Consider syncing changes from https://github.com/ieQu1/system_monitor

Question

Consider syncing changes from https://github.com/ieQu1/system_monitor

ieQu1 opened this issue 2 years ago · comments

Hello,

We've made some significant performance optimizations in this application mostly to support systems with much larger number of processes.

Size of the delta record has been shrunk to reduce memory usage (now it only stores the pid, prev. reductions and memory, everything else is derived from the runtime data).
Postgres operations are batched
Data collection has been moved to a separate process to avoid blocking the server with requests for data
Simplified sampling algorithm
Improved postgres schema for application and function (non-BWC change)

Improvements:

"Very Important Processes": always collect metrics for a configurable list of registered processes
Added automatic tests

Andreas Hasselberg · Answer 1 · Fri Jan 20 2023 15:00:21 GMT+0800 (China Standard Time)

Hello,

I'm sorry for not getting back to you sooner. I've taken a quick look at your repo, and the changes look nice.
Let's start with the batching of Postgres operations (ieQu1/system_monitor#9). Was there a problem with the buffer in system_mointor_pg?

ieQu1 · Answer 2 · Thu Jan 26 2023 18:02:07 GMT+0800 (China Standard Time)

Hello,

We tried running the original version in AWS and observed multiple instances of uncontrollable queue growth. We narrowed the problem down to this line: https://github.com/ieQu1/system_monitor/pull/9/files#diff-082e02f4b708d7d67c27819cfb3cfc8ebd48b3140671fe51eefbaf454ceaac5aL100
The issue boils down to network latency: in the original implementation the round trip time is added to each individual request, so time to insert N entries is (t_q + 2 t_n) * N where t_q is the time Postgres spends executing the actual query (it's miniscule) and t_n is network latency.
In the updated version the total time to insert N entries is just t_q * N + 2 t_n. This solved our issue.

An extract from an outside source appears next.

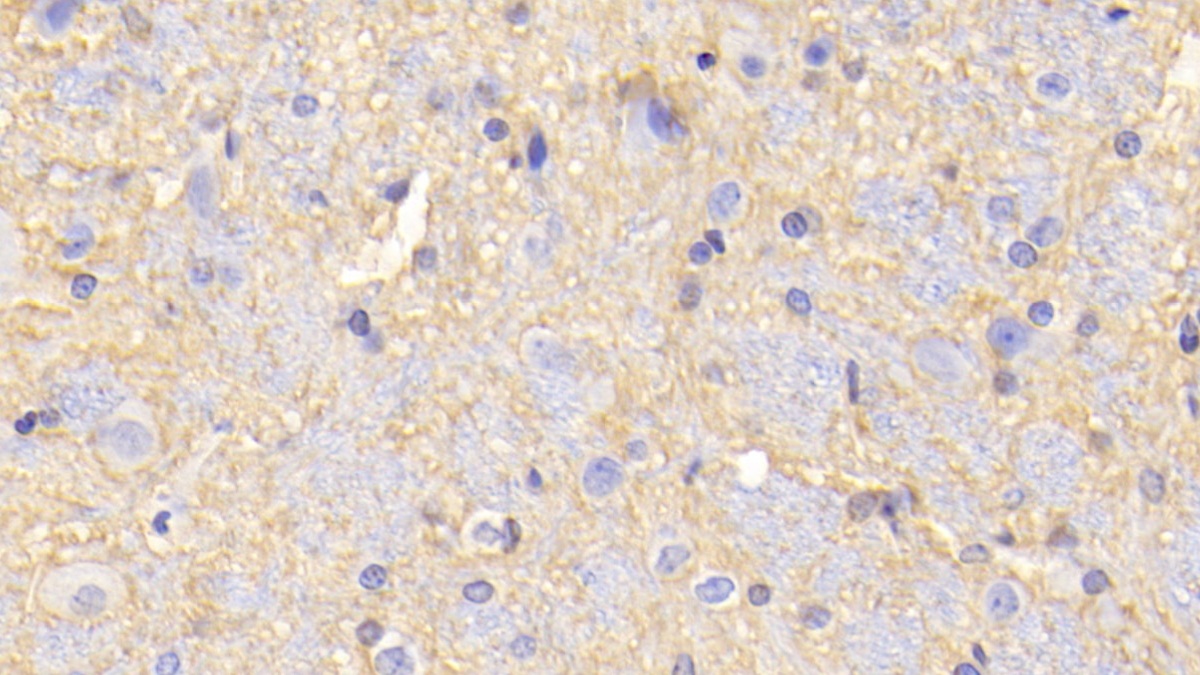 Polyclonal Antibody to Monoamine Oxidase A (MAOA)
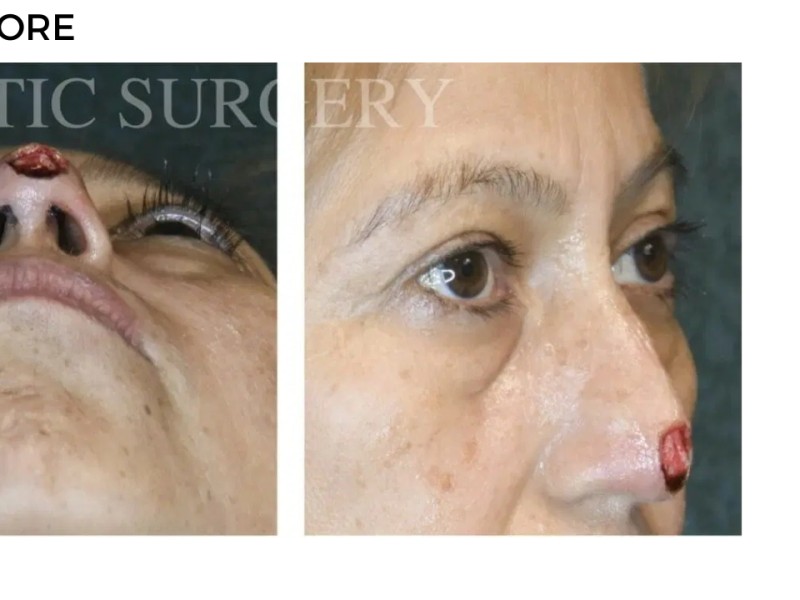Procedure before and after - after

Andreas Hasselberg · Answer 3 · Fri Jan 27 2023 17:10:59 GMT+0800 (China Standard Time)

I see the benefits of batching the Postgres requests and would like to merge that into our repo. When looking at the PR where you introduced Postgres batching, I noticed that you removed a buffer. The buffer was meant to hold some data when the Postgres connections didn't have a connection to Postgres.
The reason we introduced this was that we would got gaps in the system monitor data when the Postgres connection was down. These gaps occurred during network instabilities at our cloud provider, which is a time when system monitor data is extra valuable.
To this day, we have not noticed any problems with the buffer. Did you? Do you think we can include the buffering of postgres requests without removing the buffer that hold data when the postgres connection is down?

ieQu1 · Answer 4 · Fri Jan 27 2023 18:30:40 GMT+0800 (China Standard Time)

Sorry, I misunderstood the question then. If I remember correct, we decided that it's better to lose some datapoints than to be OOM-killed when the queue grows (since the queue is in RAM, and our system is sometimes deployed on very low-spec servers with little RAM).
We didn't run a separate test with queue and batching, it was all changed in a single commit.

Andreas Hasselberg · Answer 5 · Sun Jan 29 2023 04:52:48 GMT+0800 (China Standard Time)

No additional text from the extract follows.